India is a republic only when its laws result from free public discussion and pass open scrutiny

The Preamble to the Constitution declares that India is a ‘Republic’. This self-description must be taken seriously: being a republic is integral to India’s political identity. Moreover, this is not just a descriptive but also a strong, ethical, normative claim. Being republican is an ideal to which we are meant to consistently aspire, and when we go astray, we should know that we have done something wrong, feel remorse, and make amends. If our political identity loses its republican character, we must quickly act to restore it. It is because we cherish being a republic that on every January 26 since 1950, we celebrate this founding moment. The parade and the ritual surrounding it are meaningless unless we get the spirit behind the event.

Against monarchy

What is meant by a republic and what is its significance? For a start, the primary collective intent behind a republic is anti-monarchical. The Greeks defined monarchy as the ‘rule of one (mono)’, a form of government where one person rules and all others obey; one is sovereign, all others his subjects. We usually associate it with the hereditary rule of Maharajas and Maharanis but in the Greek definition of the term, it also covers rule by modern dictators (autocracy). But what is wrong with the rule of one person?
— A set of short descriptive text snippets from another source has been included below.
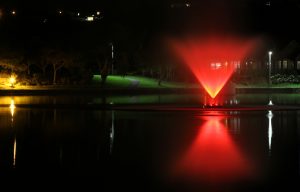 Whitby lake fountain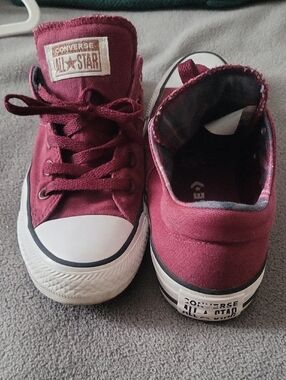 Converse Burgundy Low Top Sneakers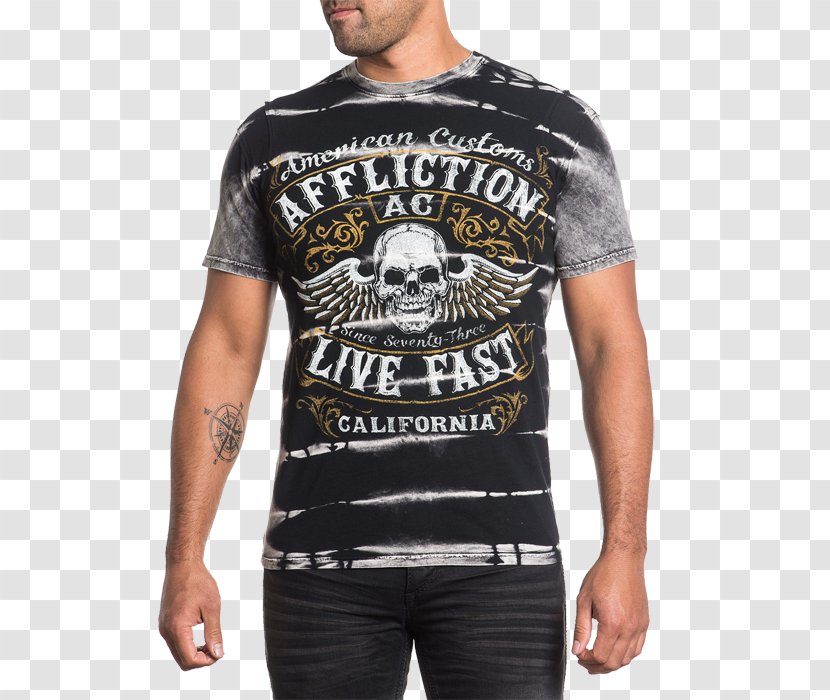 T-shirt Sleeve Affliction Clothing - Sleeveless Shirt Transparent PNG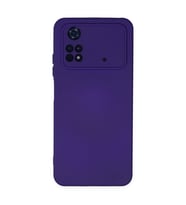 Xiaomi Poco M4 Pro 4g Kılıf Nano İçi Kadife Silikon - Mor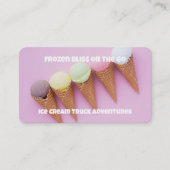 Ice Cream Truck Visitekaartje (Voorkant)
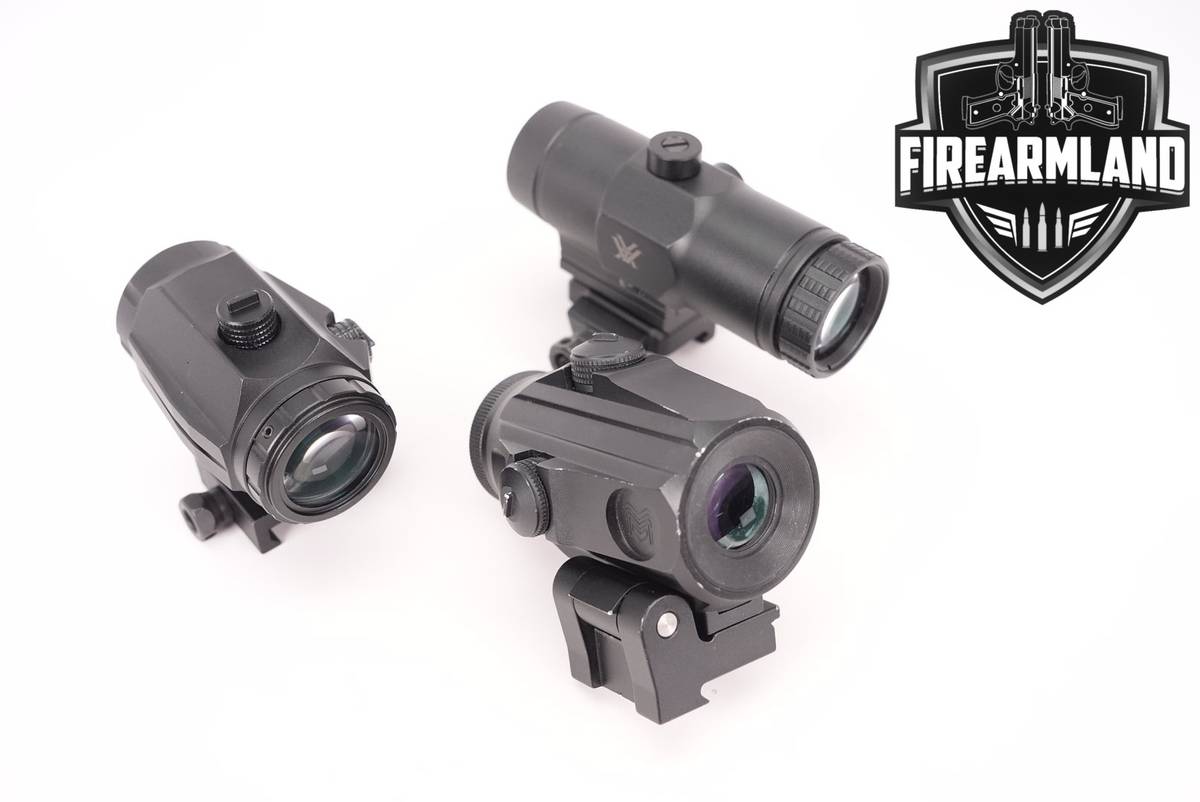 THREE MAGNIFIER LOT Vortex Optics 3 Pack Monstrum 3x Magnification VMX-3T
Why fear rule by one person? Perhaps the most pernicious quality about monarchy is that it subjects people to the whim and fancy of one person, to his arbitrary will. One day he likes us and gives us, say a land grant. The next day, he withdraws the grant and puts us in jail. All powers are vested in him. God-like, he becomes judge and jury, makes and executes laws, decides when they are violated, and rewards and punishes as he pleases. All these decisions affecting us are taken without discussion, mysteriously, privately, and expressed as revealed truth. The entire decision-making process remains close to his chest. Hidden from everyone, it brooks neither transparency nor accountability. It is this tyrannical potential of the rule of one person, the absolute and arbitrary use of power that we dread.